There are, however, things that can be done to mitigate the damage and mask some of the weaknesses in a defense that is surrendering yards and points at an almost historic rate. If West Virginia is to survive the final five weeks of the season, it's probably going to have to come by that route rather than basic improvement.
In other words, getting better would be great, but short of that someone had better start coming up with more creative ways to hide the fact that this defense isn't very good. And so far, West Virginia's coaches have failed at that.
Again, it's not the scheme. The very notion of playing the scheme West Virginia is playing is to be adaptable. Simply put (too simply, actually), it can easily morph from a unit aligned to stop the run to one set up to stop the pass. It is designed to mix fronts and coverages and adapt to what's happening.

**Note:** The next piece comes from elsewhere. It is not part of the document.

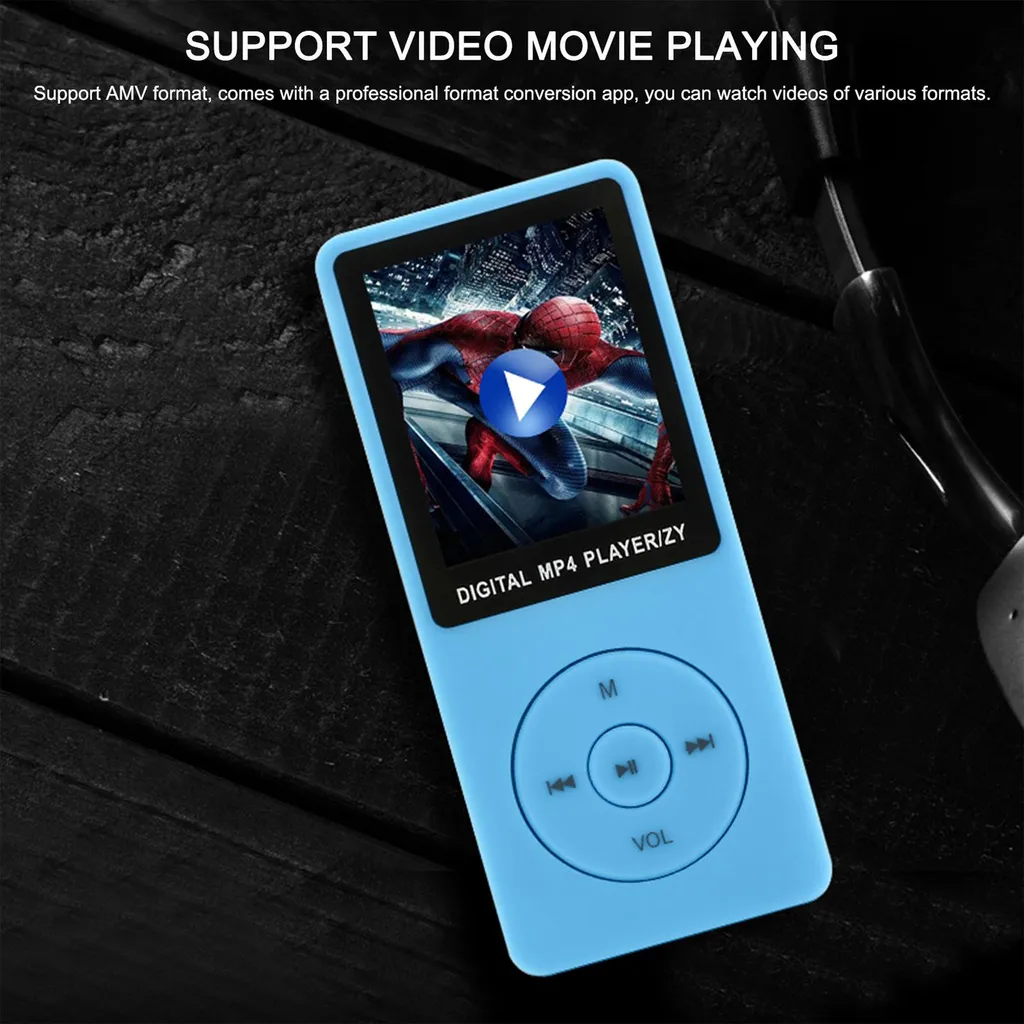 Ein blauer MP4-Player mit einem Bild von Spider-Man auf dem Bildschirm, platziert auf dunklem Holz.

That this defense hasn't adapted to opponents figuring out how to mix routes and get receivers embarrassingly uncovered is what has made it dead last in the country in pass defense and giving up an average of 53 points to four Big 12 opponents.
Holgorsen insists that coverage tricks have been tried. Hopefully they haven't been exhausted.
"We've tried to cover some areas up,'' Holgorsen said. "Within our defensive scheme there are different coverages and blitzes. If it doesn't work, we can go to another one. It's a multiple defense.
"When [Kansas State] hit us on a cover two with a seam route, we went to cover three. When they started to hit us on out routes [because of the deep coverage], we went to a press-and-bail cover four. We mix things up, but it ultimately comes down to execution. You guys saw where a couple of times the ball was in the air and we had a guy there. They made the plays. How can we get our guys in any better position than that? We constantly try to tweak it.''
Tricks, though, will get you only so far. The bottom line is that West Virginia's defensive coaches have to do a better job of figuring out the strengths and weaknesses of the players on the field and adapting the defense to that. It's not a matter of changing the scheme, but recognizing what is possible within that scheme given the talent on hand.
And that's up to the defensive coaches.
"We have to make things more manageable. We can't try to manufacture plays or people. We can't come up with tricks, because that's not the solution,'' Holgorsen said. "We've been talking about what we're good at on all three sides of the ball and how we get back to doing those things. We've narrowed down some things.
"We're going to focus on trying to get better at things that we're already good at. We'll build some confidence because of that. We'll rebuild and re-energize as we prepare for our next game.''
Reach Dave Hickman at 304-348-1734 or dphickm...@aol.com or follow him at Twitter.com/dphickman1.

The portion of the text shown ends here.